Linton teaches public international law and specialised options such as international criminal law, the international law of armed conflict, international human rights law, and dealing with the legacies of the past. She has been a visiting professor at universities in several countries.

Linton was awarded a Hong Kong Research Grants Council grant which led to the identification of case files at the UK National Archives in relation to Hong Kong's War Crimes Trials after the Second World War. With her research team, she also did interviews with survivors and participants of the trials and created the online Hong Kong War Crimes Trials Collection, accessible globally at http://hkwctc.lib.hku.hk/exhibits/show/hkwctc/home. Apart from publishing journal papers related to the subject, for example, Rediscovering the War Crimes Trials in Hong Kong, 1946-48 in the Melbourne Journal of International Law, she also published Hong Kong's War Crimes Trials, published by Oxford University Press in September 2013. The South China Morning Post wrote a major article on this in 2013. She has also spoken around the world about her work in the UK, Hong Kong, China and Australia

Her academic work has been extensively published, appearing in major publications such as the Journal of International Criminal Justice, Leiden Journal of International Law, Singapore Yearbook of International Law, Melbourne Journal of International Law, Melbourne University Law Review, Criminal Law Forum, International Review of the Red Cross, Human Rights Quarterly, and many others.

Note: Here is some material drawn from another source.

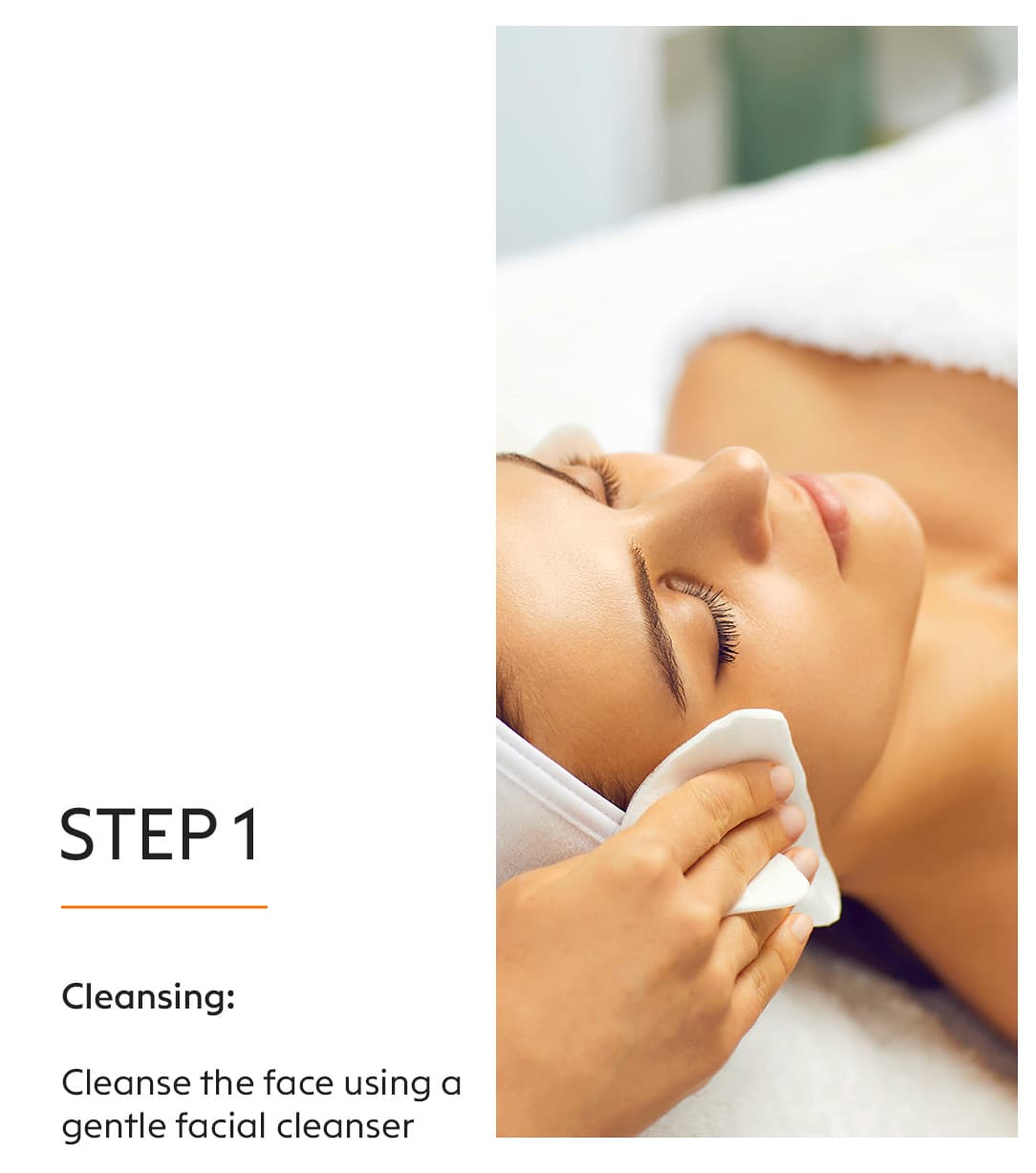 Body Therapy 3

Among other selected works includes editing the Criminal Law Forum's Special Edition on the international crimes proceedings in Bangladesh, and leading with others the project on General Principles and Rules of International Criminal Procedure, published as a book by Oxford University Press in 2013.

Along with Professor Tim McCormack of Melbourne University and Professor Sandesh Sivakumaran of Cambridge University, she led the project on Asia-Pacific Perspectives on International Humanitarian Law published by Cambridge University Press in 2019.